Why This Matters for Developers and Investors

If you’re in our business, the takeaway is clear — the ownership market isn’t where the growth is right now. Demand is moving toward rentals, build-to-rent communities, and creative ownership structures. Capital is following that shift. The opportunity is in delivering attainable, high-quality housing without assuming buyers can clear the affordability hurdles traditional homeownership now demands.

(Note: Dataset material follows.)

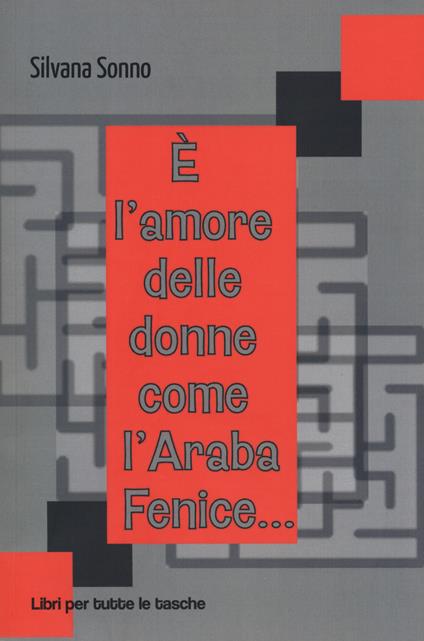 È l'amore delle donne come l'araba fenice... - Silvana Sonno - copertina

Meanwhile, the capital markets are sending mixed signals. Just this week, Wall Street doubled down on bets that the Federal Reserve will cut rates soon. Stocks are at all-time highs, Treasury yields are sliding, and traders have fully priced in a September quarter-point cut. If those cuts happen, they’ll lower borrowing costs at the top of the stack — but don’t expect that to magically make homes affordable again. We still have a fundamental supply and cost problem that rate policy alone can’t fix.

Where We Go From Here

The developers and investors who win in this cycle won’t be the ones waiting for the ownership market to “come back.” They’ll be the ones who recognize that the next decade belongs to housing models that meet people where they are — whether that’s renting by choice, co-living, or owning with shared equity.

The dream isn’t dead. But it’s changing — and if you build for the new reality instead of the old one, you’ll be positioned to capture both returns and relevance in a shifting market.